A quick analogy is appropriate here. I have a fixed height (five feet 5 inches if you must know). I have that height whether I am measured in Holland or Peru. However, if I want to watch a parade, well, in Holland, where people tend to be tall, I am short and since I am an adult at the back of the pack I probably won’t see much. In contrast, in Peru, where people tend to be much shorter, I will be relatively tall, and very likely I will be able to see the parade. My height of 5’ 5” is a fixed value similar to the genotypic values of physiological epistasis, whereas whether I am tall or short is similar to statistical epistasis.
So to convert physiological epistasis into statistical epistasis you need to partition the variance in genotypic values into statistical variance components. This is done by the old platitude of “doing a regression of phenotype on genotype”. Following Falconer and MacKay, a good graph of the additive genetic variance for one locus with dominance:
In this figure the additive genetic variance is the variance due to regression, and the dominance variance is the residual variance. For additive by additive epistasis we need to do a multiple regression, and resulting in a 3 dimensional graph:
This graph shows two slopes. The red plane is the regression of phenotype on genotype for the frequency of the A1 allele = 0.5, and the brown plane is the regression for the A1 allele = 0.25. For both regressions the frequency of the B1 allele = 0.5.
The important point is that the statistical components of variance change as gene frequencies change. In the above example, when the gene frequency of the A1 allele changes from 0.5 to 0.25 the additive genetic variance at the B locus changes from zero to being non-zero with the B2 allele favored.
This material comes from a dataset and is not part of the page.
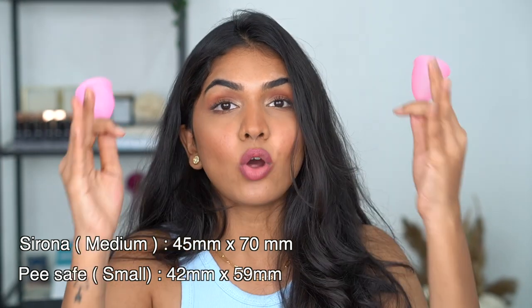I figured the Sirona medium was probably too big for me, pushing up against the bladder because there wasn't enough space. So I ordered a smaller cup — the Peace Safe small one, since the Sirona small was out of stock. I'll put the diameter measurements on screen. The size difference may seem small but it makes a real difference inside. The Peace Safe small fit me really well. Because of my heavy flow I need to change it every eight to nine hours on the first two days, but days three through five I can go twelve hours easily.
If the gene frequency of the A1 changed to 0.75 the additive genetic variance for the B locus would also have increased, but instead it would be B1 allele that was favored (and the graph would not have been as pretty). In the real world we generally do not have access to the actual interacting loci, or their gene frequencies. Thus, we simply have to recognize that the additive genetic variance changes in a complex way as inbreeding, selection and drift act to change the underlying gene frequencies in complex manners.